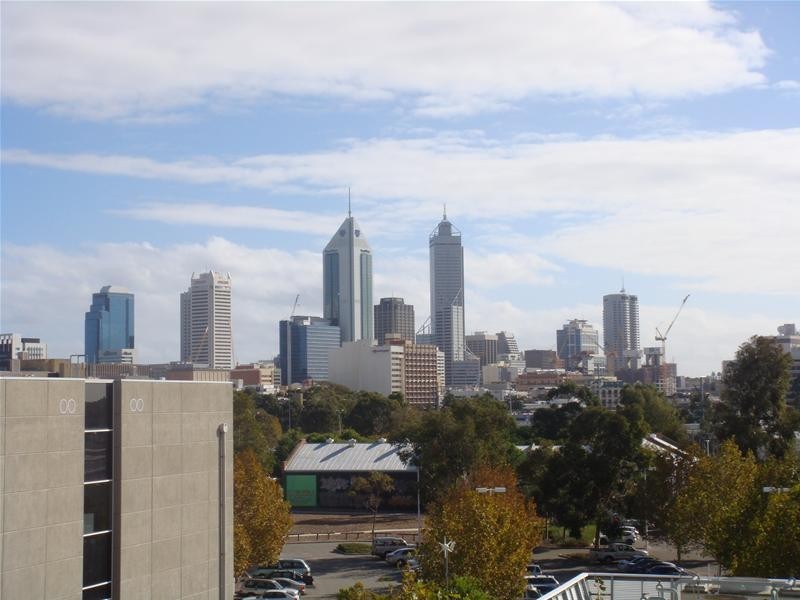 20/38 Fielder Street, East Perth WA 6004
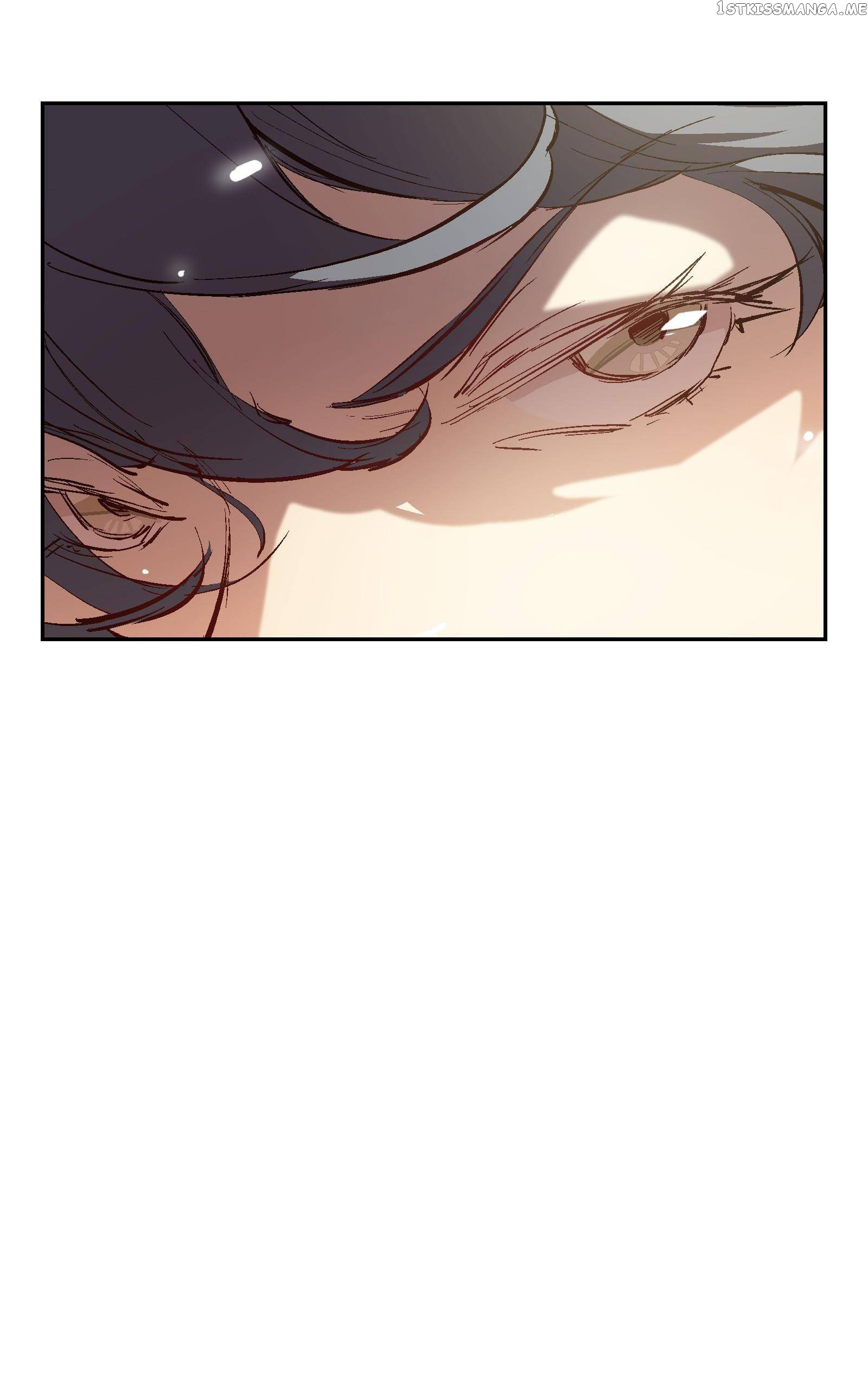 The King Of The Special Forces Chapter 39 - page 50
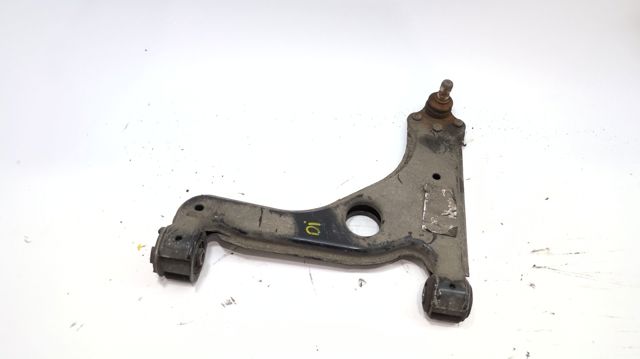 24454477 Opel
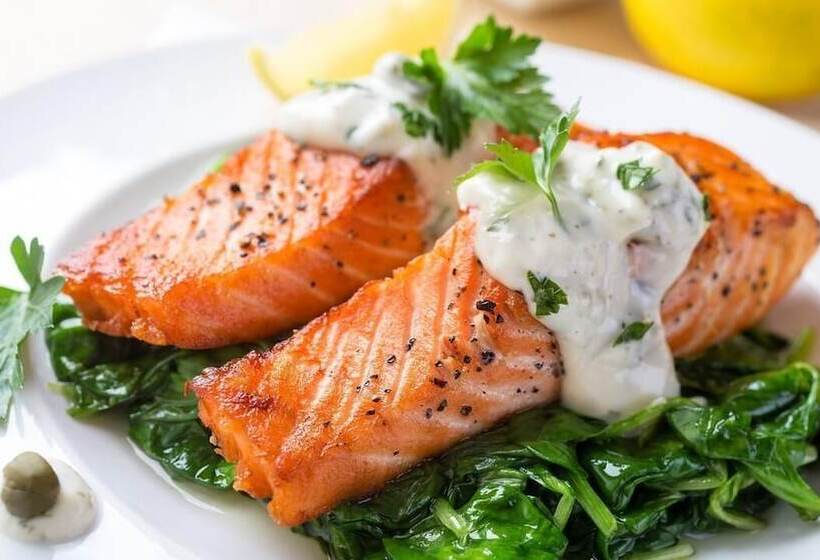 Отель Wesendorf Pushkino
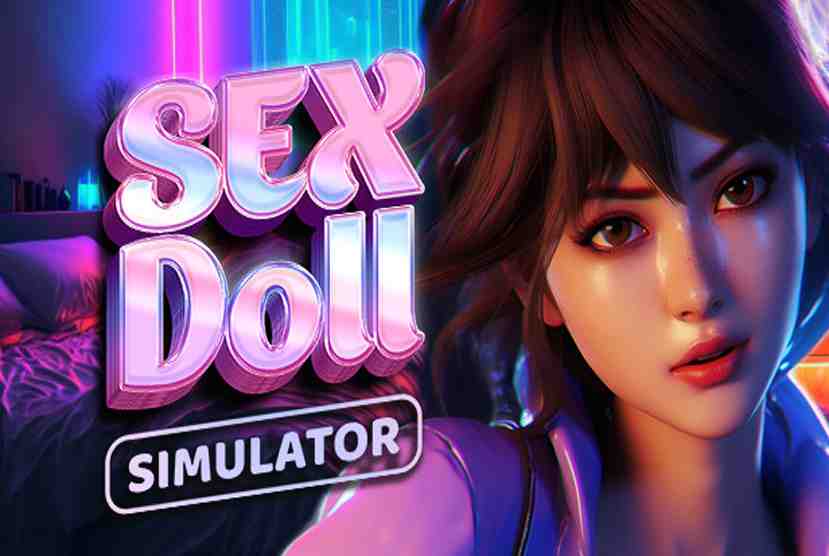 Sex Doll Simulator Free Download By Worldofpcgames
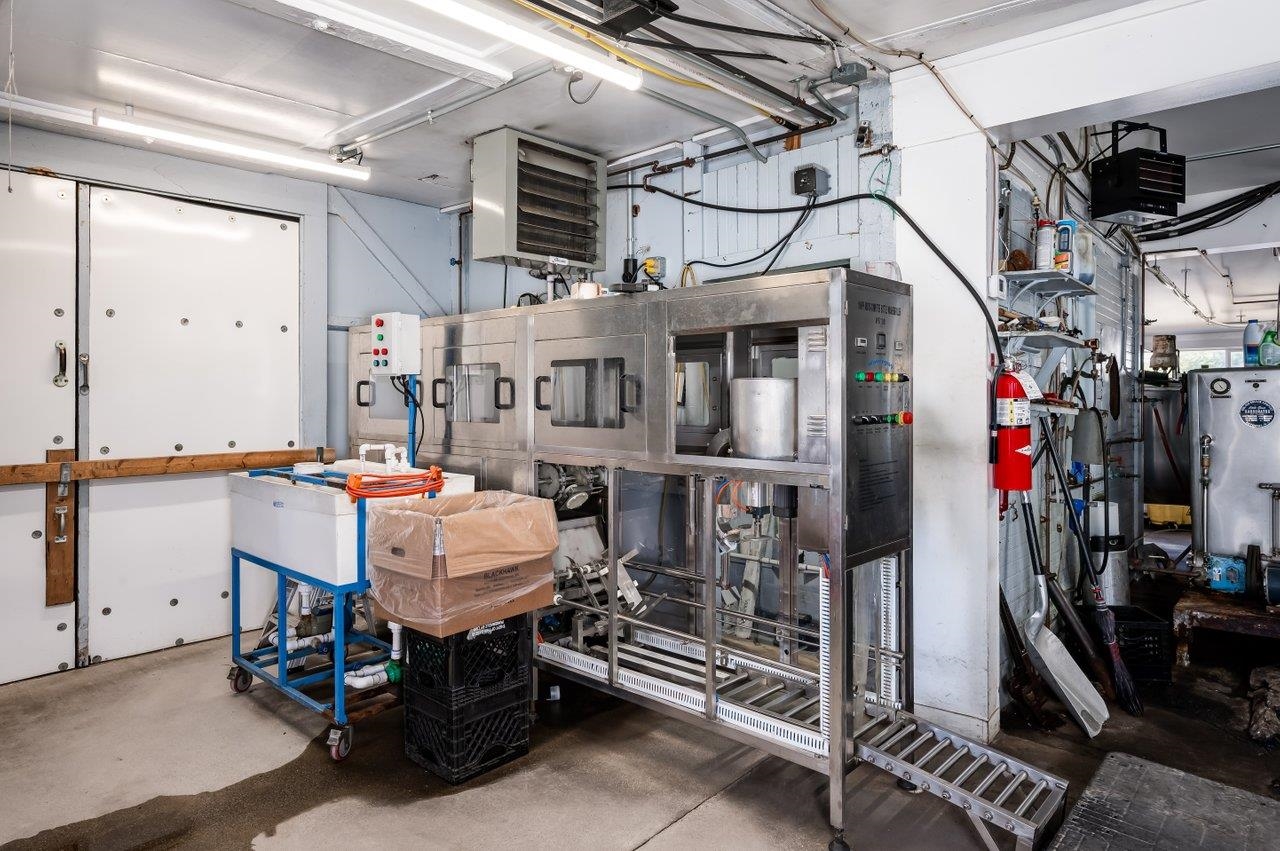 120 Exeter Road Newfields, NH 03856 - Photo 33 of 55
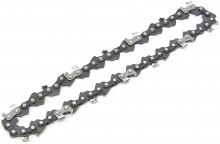 HBM Savkæde 5 mm / 0,2 inch til HBM 3-in-1 Akku Kædesav, Slibemaskine og Blæser H130443.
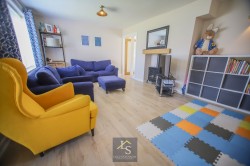 Images for Rowan Drive, Cheadle Hulme, SK8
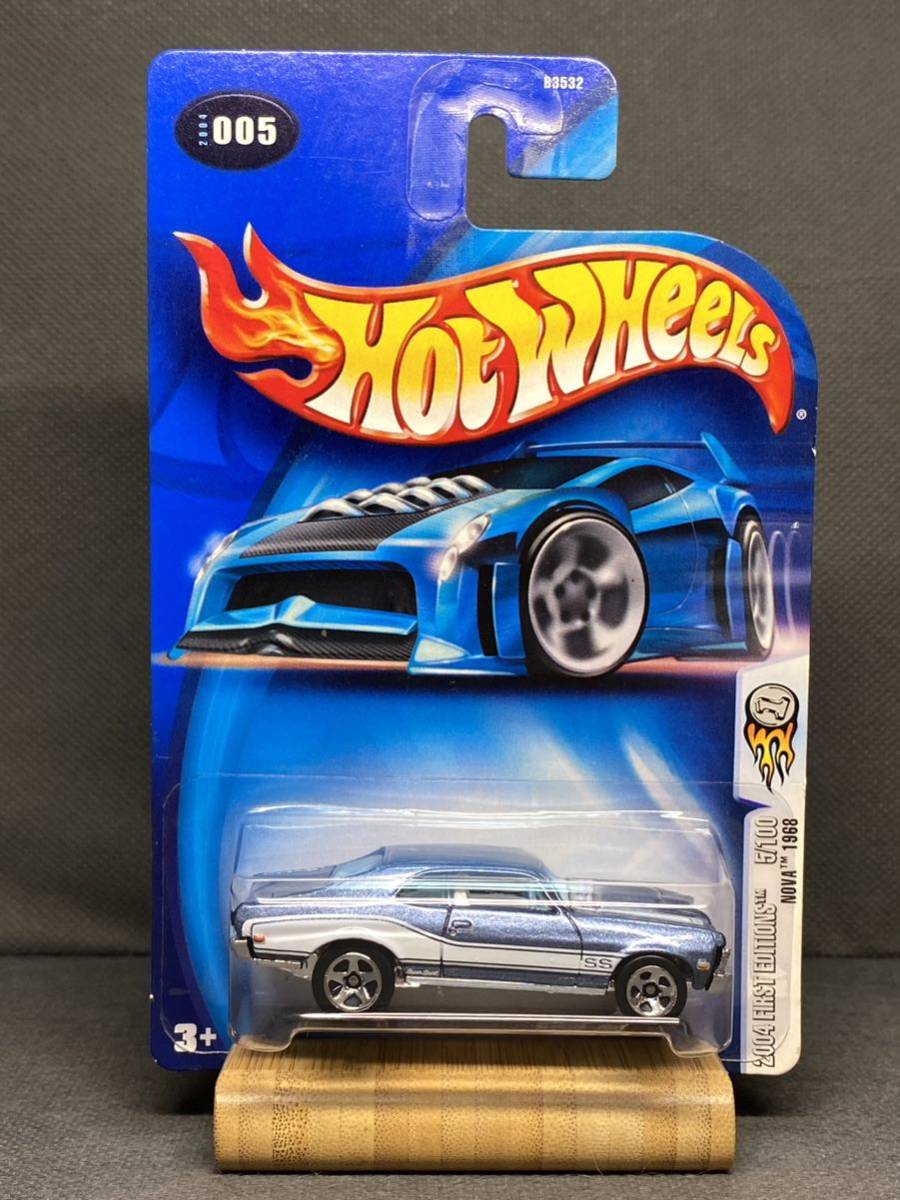 未使用に近いNOVA FIRST EDITIONS ノバ ファーストエディション 年 Hot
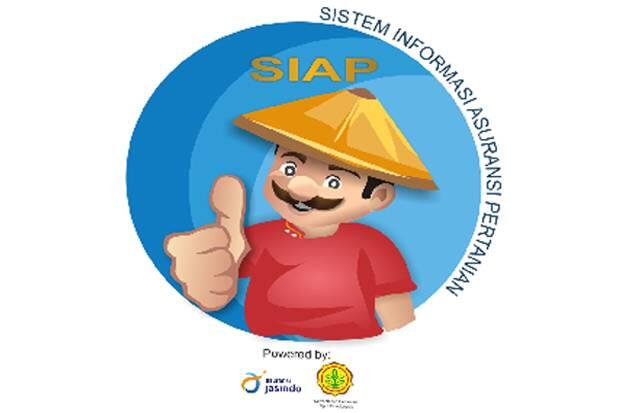 Asuransi Pertanian Terbukti Beri Manfaat Positif ke Petani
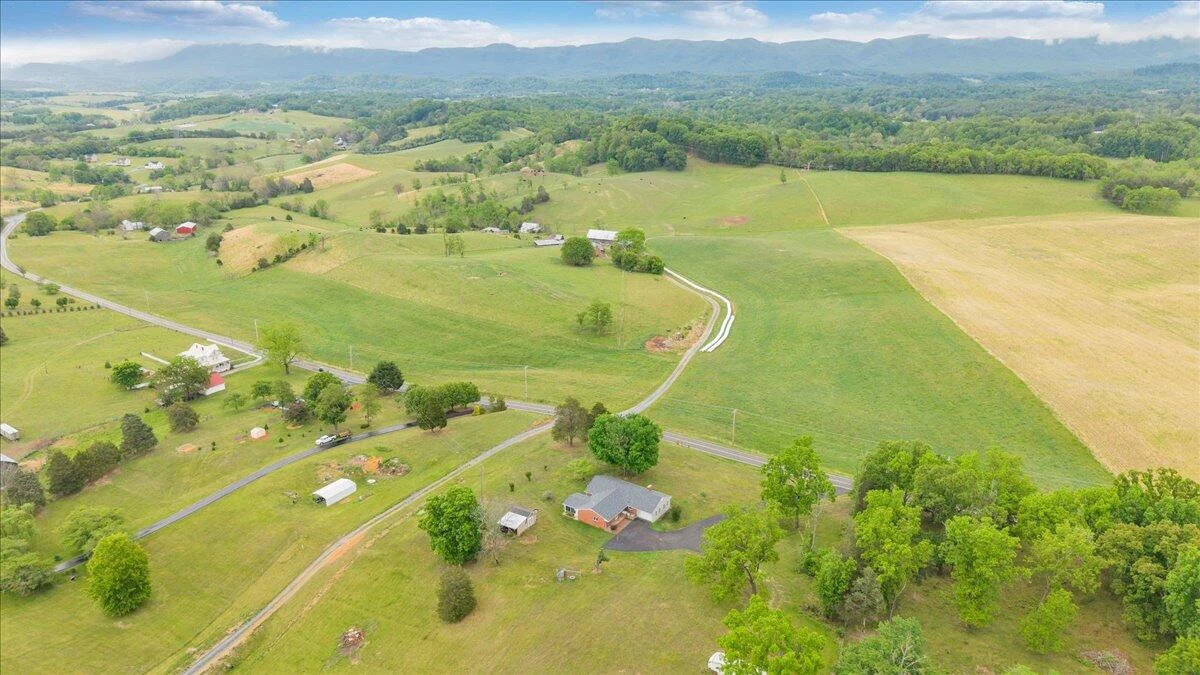 3116 Wheatland RD - Photo 53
____________________
EXERCISE:
Repeat the entries exactly. Any picture is to be left out.

RESPONSE TO THE TASK:
 20/38 Fielder Street, East Perth WA 6004
 The King Of The Special Forces Chapter 39 - page 50
 24454477 Opel
 Отель Wesendorf Pushkino
 Sex Doll Simulator Free Download By Worldofpcgames
 120 Exeter Road Newfields, NH 03856 - Photo 33 of 55
 HBM Savkæde 5 mm / 0,2 inch til HBM 3-in-1 Akku Kædesav, Slibemaskine og Blæser H130443.
 Images for Rowan Drive, Cheadle Hulme, SK8
 未使用に近いNOVA FIRST EDITIONS ノバ ファーストエディション 年 Hot
 Asuransi Pertanian Terbukti Beri Manfaat Positif ke Petani
 3116 Wheatland RD - Photo 53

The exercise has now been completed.